- EXCERPTED DATA:
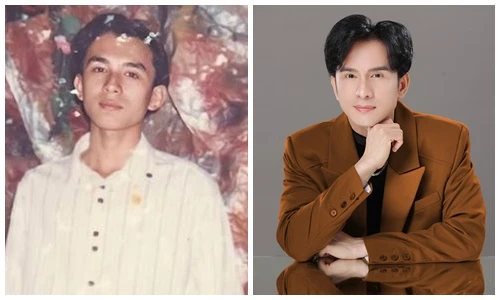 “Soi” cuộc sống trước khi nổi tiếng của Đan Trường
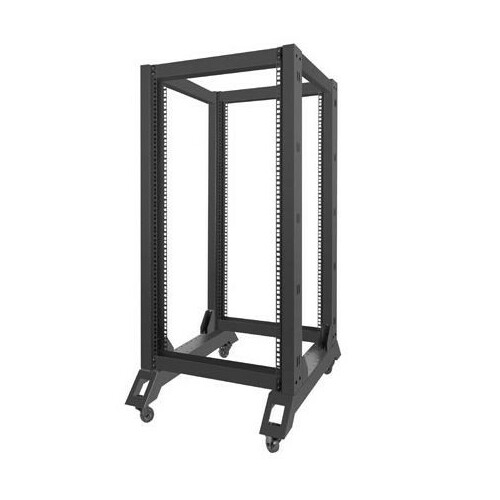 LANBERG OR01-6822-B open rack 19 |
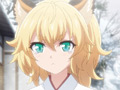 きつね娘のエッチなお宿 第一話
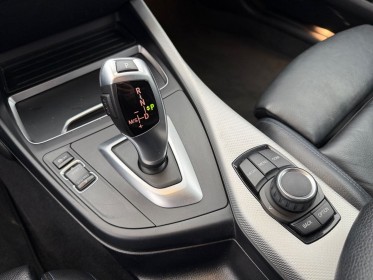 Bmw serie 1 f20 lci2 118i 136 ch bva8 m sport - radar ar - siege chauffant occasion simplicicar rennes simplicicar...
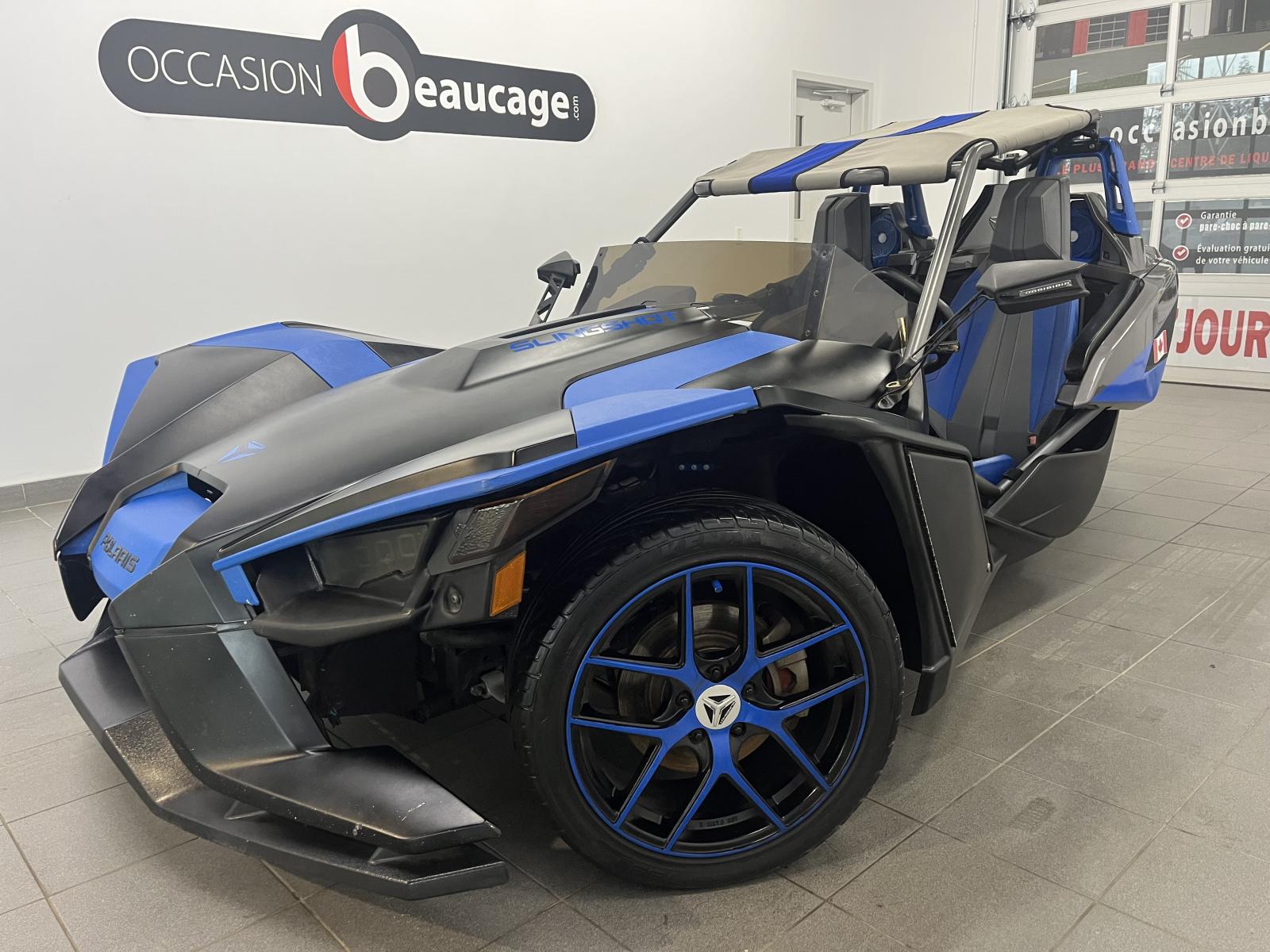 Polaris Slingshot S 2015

* * *

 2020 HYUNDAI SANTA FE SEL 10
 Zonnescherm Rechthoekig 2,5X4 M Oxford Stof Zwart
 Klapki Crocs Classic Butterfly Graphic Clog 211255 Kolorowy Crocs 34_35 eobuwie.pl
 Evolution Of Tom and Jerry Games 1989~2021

- PROBLEM DESCRIPTION: No picture is to be printed. Output exactly the lines above from the line containing "của Đan Trường" through the line containing "Polaris Slingshot S 2015".

- ANSWER BOX:
 “Soi” cuộc sống trước khi nổi tiếng của Đan Trường
 LANBERG OR01-6822-B open rack 19 |
 きつね娘のエッチなお宿 第一話
 Bmw serie 1 f20 lci2 118i 136 ch bva8 m sport - radar ar - siege chauffant occasion simplicicar rennes simplicicar...
 Polaris Slingshot S 2015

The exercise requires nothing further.